Ram: If you program in Python, you should be able to write a test. To start, replace the prints above with out = [] ... out.append((n, len(d))) and assert that the out lists of the current and proposed deque loops are the same.

Raymond: I started this post with a recommendation to close but changed my mind after actually writing out the two deque examples. The fact that people rarely relegate the try - while True loop to a separate function (which would often be used just once) does not mean that the pattern itself is rare. Just yesterday or so, someone asked on python-list about how to search a graph when the set of candidate nodes got additions and 'for item in set' would not work. He was given the try - while True pattern as the answer.

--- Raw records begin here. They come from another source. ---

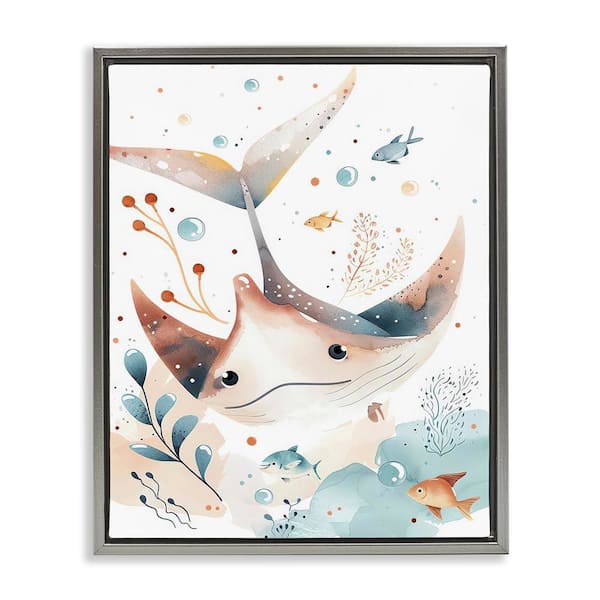 Stupell Industries Smiling Manta Ray by Franklyn Gregory Gray Floater Frame Animal Graphic Art Print 31 in. x 25 in.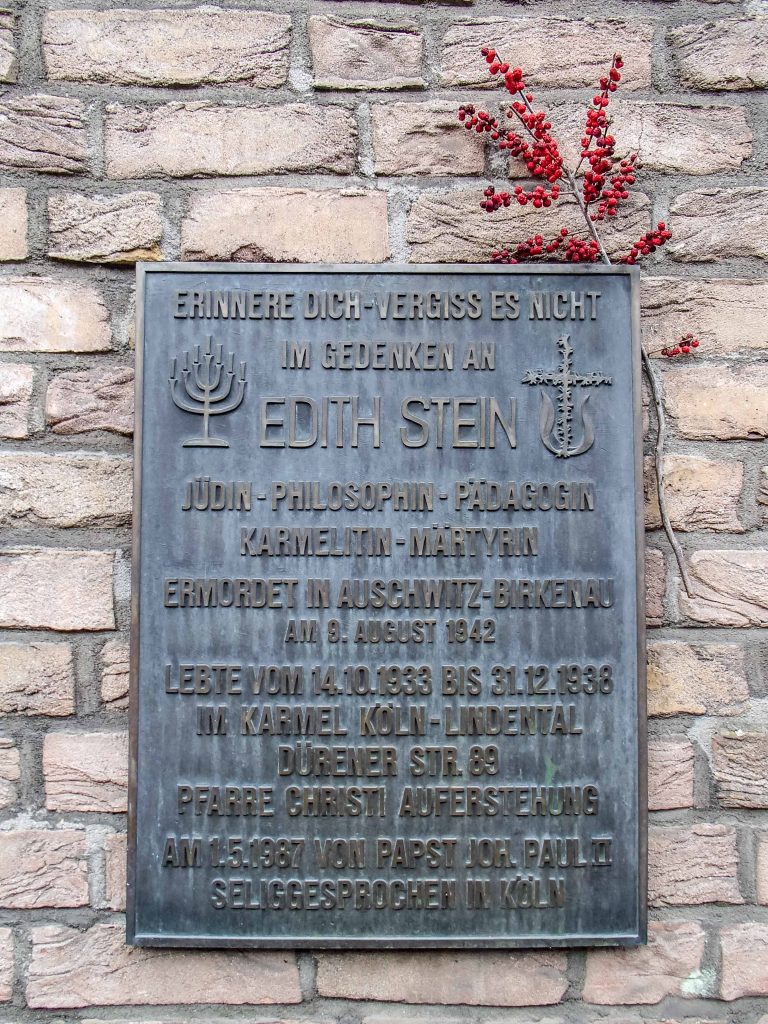 memorial plaque for Edith Stein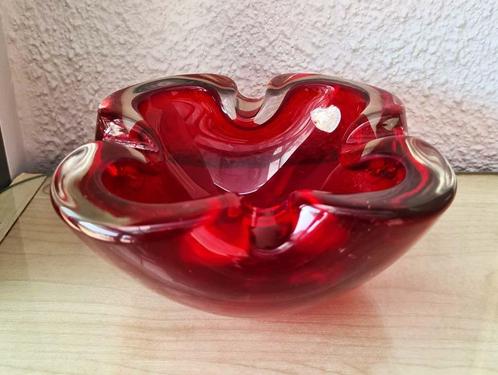 Murano asbak / kom - rood & transparante rand-lees info aub, Antiek en Kunst, Antiek | Glaswerk en Kristal, Ophalen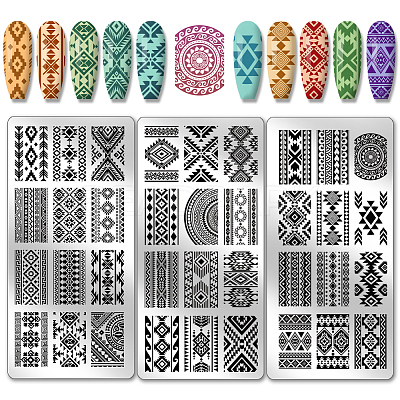Stainless Steel DIY Nail Art Templates MRMJ-WH0092-058-1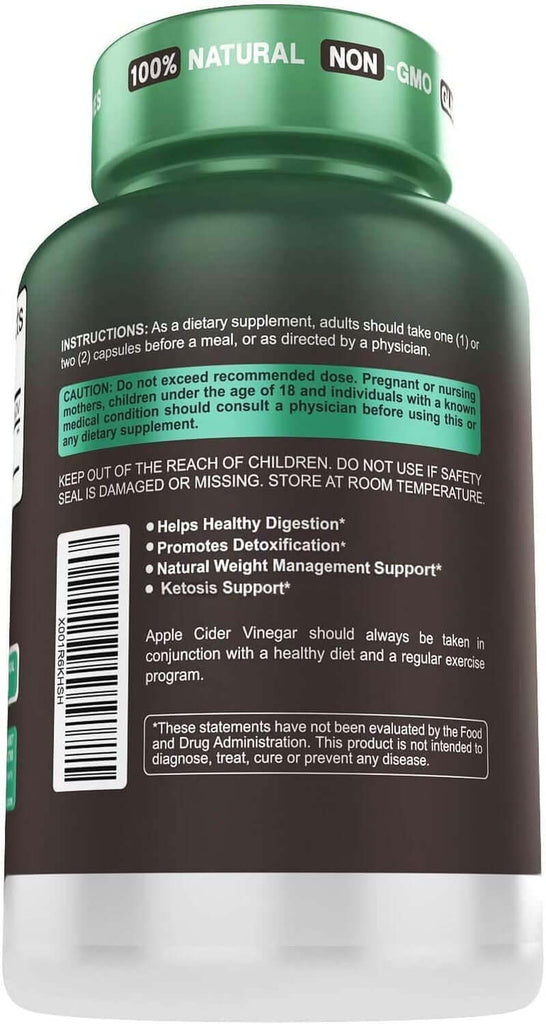 Herbtonics Raw Apple Cider Vinegar Capsules, 1500Mg Detox Support (120 Count (Pack of 2))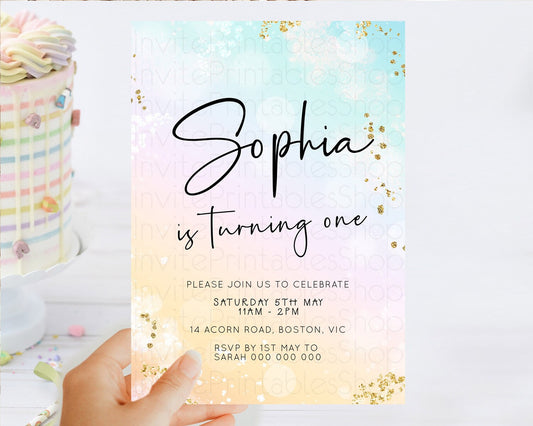 Pastel Birthday Invitation Ombre Watercolor Birthday Invitation Glitter Rainbow Color Splash 1st 2nd 3rd Birthday Invitation D23098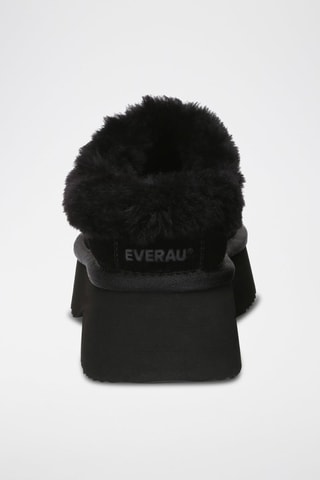 Zuecos forrados de piel ovina con plataforma Savanna - Negro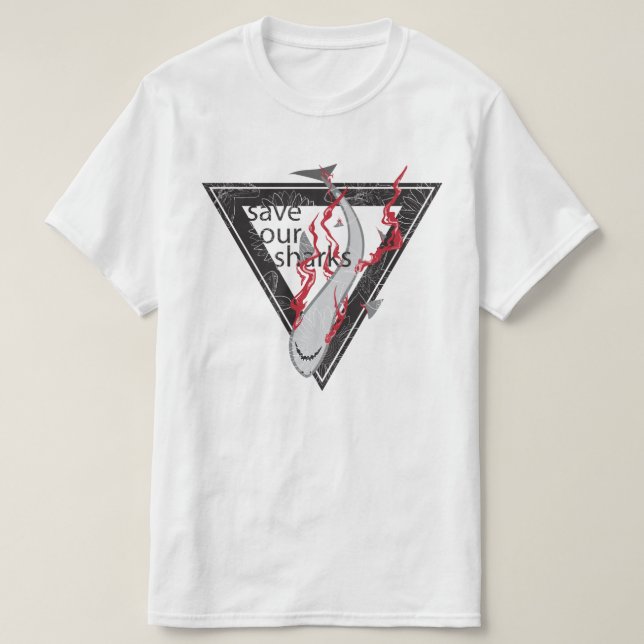 rett unsere Haie SOS Blumendreieck T-Shirt (Design vorne)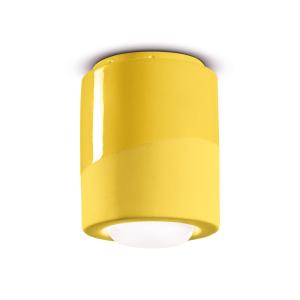 Ferroluce Lámpara de techo PI, cilíndrica, Ø 12,5 cm amaril…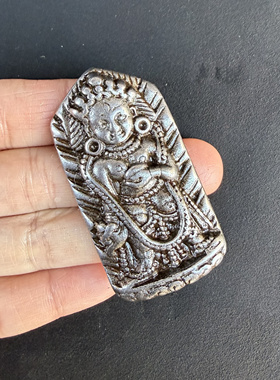 帕拉风格藏式玄铁二臂玛哈嘎啦佛像西藏天铁托甲佛牌挂件寒铁吊坠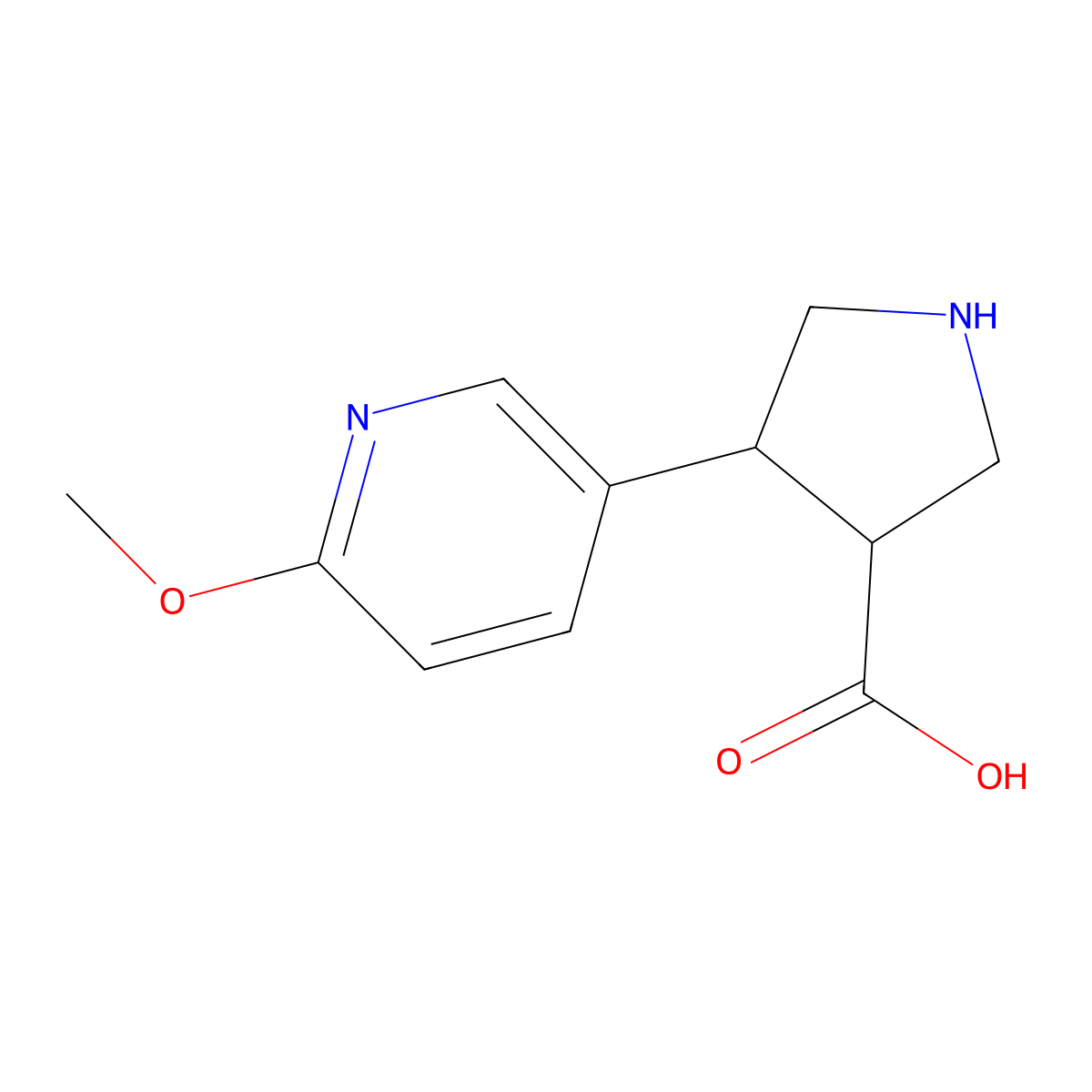 (+/-)-trans-4-(6-Methoxy-3-pyridinyl)pyrrolidine-3-carboxylic acid molecular structure, CAS 1048330-63-7
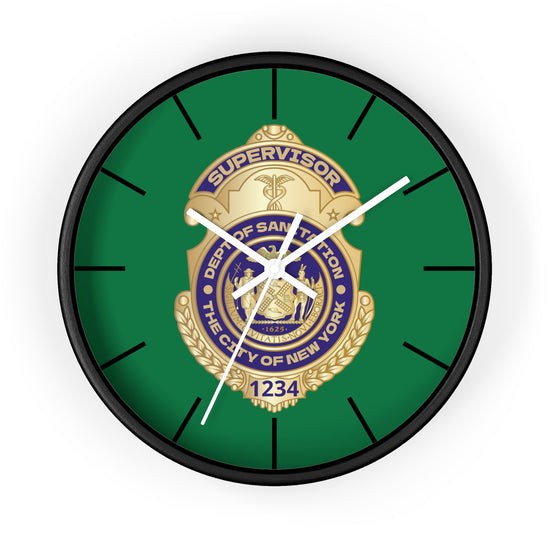 DSNY Supervisor Wall Clock Personalized - Green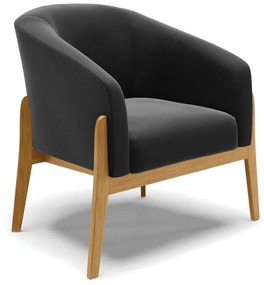 Poltrona com Puff Base de Madeira Stella Suede Preto D03 - D'Rossi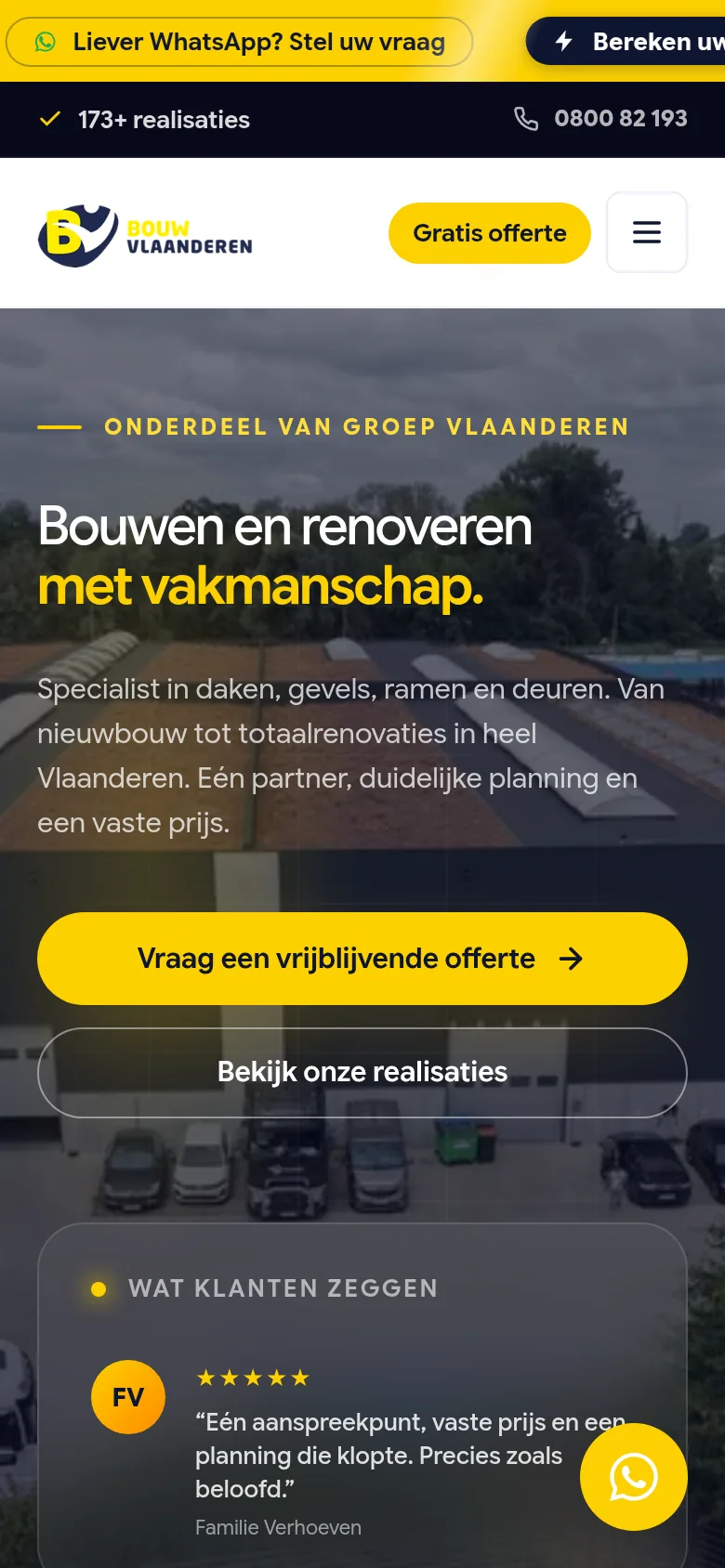 Bouw Vlaanderen homepage on a phone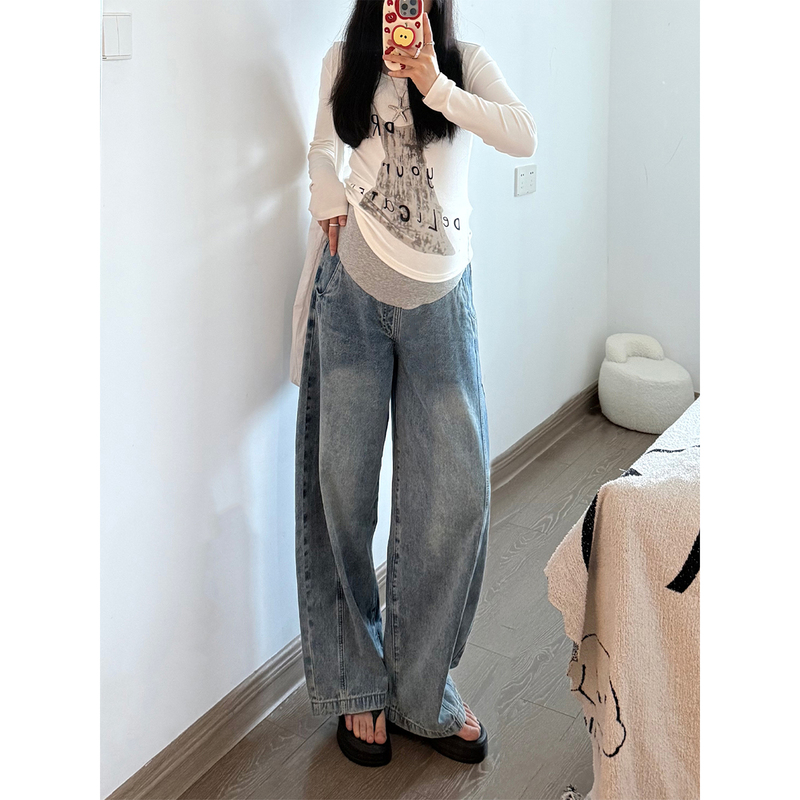 Maternity Jeans Spring/Summer High-Waisted Belly-Supporting Wide-Leg Loose Slimming Straight-Leg Casual Floor-Length Pants Spring Wear Maternity Jeans Spring/Summer High-Waisted Belly-Supporting Wide-Leg Loose Slimming Straight-Leg Casual Floor-Length Pants Spring Wear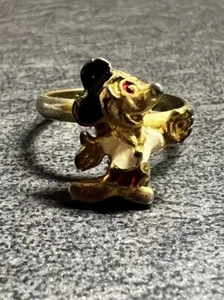 Vintage Walt Disney Productions 3D Enamel Mickey Mouse Ring Goldstone Adjustable - Picture 1 of 1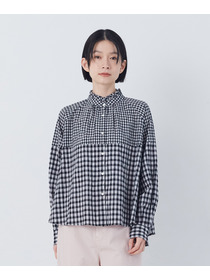 【congés payés】チェックパッチワークブラウス 詳細画像 グリーン系その他 12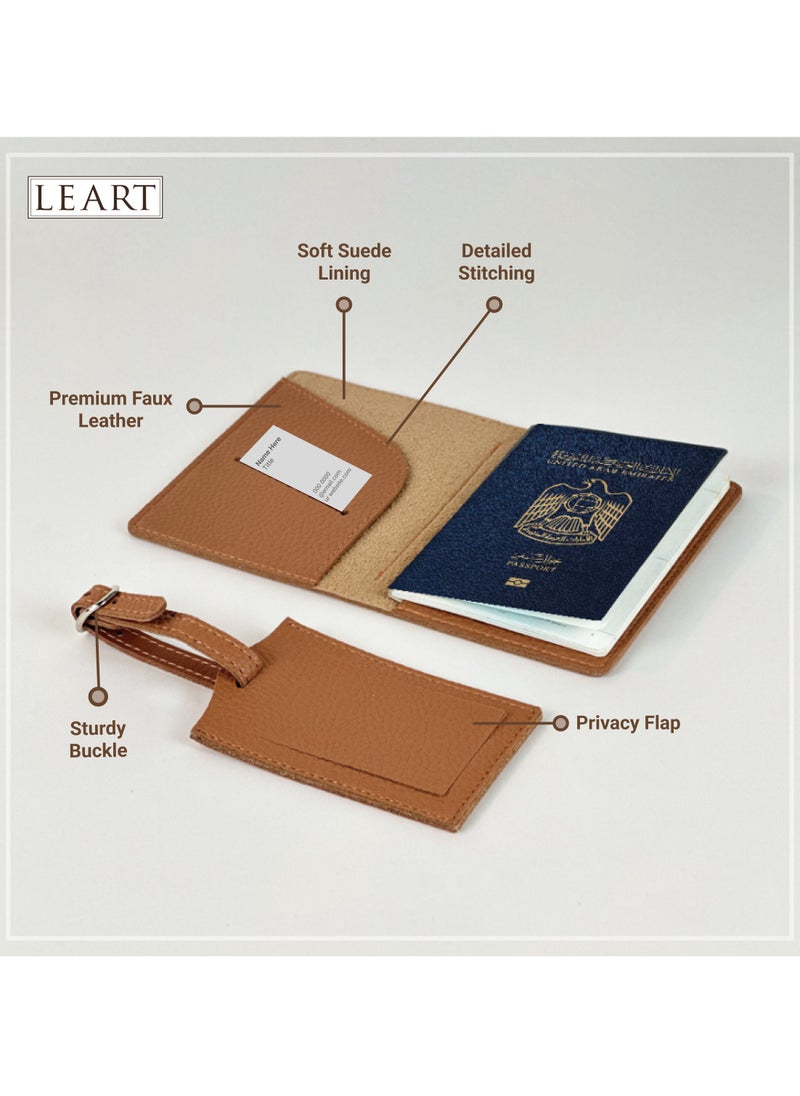 LeArt - Passport Cover and Luggage Tag Set (Caramel) - Image 1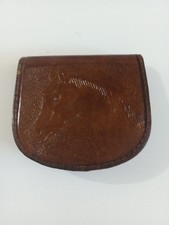 Hand Tooled Leather Coin Pouch Horse Flower Design Brown .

I think iter(func, ... exception) would be more useful than iter(func, sentinel) is now. The problem with the latter is that for general collections, the sentinel needs to be a hidden instance of object() so that it cannot be placed in the collection and become a non-special legal return value. It is then inaccessible to pass to iter.  To signal 'no return', Python often raises an exception instead of returning a special object.

Terry: Thanks for your example use case. I hope that Raymond would be convinced.

I take your point regarding summarizing the discussion, sorry about that. 

Regarding me writing a test: I'm only willing to write code for a feature for Python if there's general interest from python-dev in getting said feature into Python. If there's general agreement from core python-dev members that this feature should be implemented, I'll be happy to do my part and write the test. But otherwise... I really have better things to do than spending my time writing code that will never be used, especially when it'll take me 10x more time to write it than a python-dev member because 90% of the work would be making the test case comply to the development practices of CPython, and only 10% of it would be to write the actual simple logic.

Here is a test that now fails.
------------
from collections import deque

d = deque((0,))
old = []
try:
    while True:
        n = d.popleft()
        old.append((n, len(d)))
        if n < 5:
            d.extend((n+1, n+2))
except IndexError:
    pass

d = deque((0,))
new = []
for n in iter(d.popleft, exception=IndexError):
        new.append((n, len(d)))
        if n < 5:
            d.extend((n+1, n+2))

assert new == old
--------

Here is Python code, partly from my python-ideas comments, that makes the test pass. This version allows stopping on both a sentinel value and an exception (or tuple thereof, I believe).
-------
__sentinel = object()

class callable_iterator:
    class stop_exception: pass

    def __init__(self, func, sentinel, exception):
        self.func = func
        self.sentinel = sentinel
        if exception is not None:
            self.stop_exception = exception
    def __iter__(self):
        return self
    def __next__(self):
        try:
            x = self.func()
        except self.stop_exception:
            raise StopIteration from None
        if x == self.sentinel:
            raise StopIteration
        else:
            return x

def iter(it_func, sentinel=__sentinel, exception=None):
    if sentinel == __sentinel and exception == None:
        pass  # do as at present
    else:
        return callable_iterator(it_func, sentinel, exception)

I really don't think this is worth it.  In my programming career, I may have had an occasion to use this only once every few years.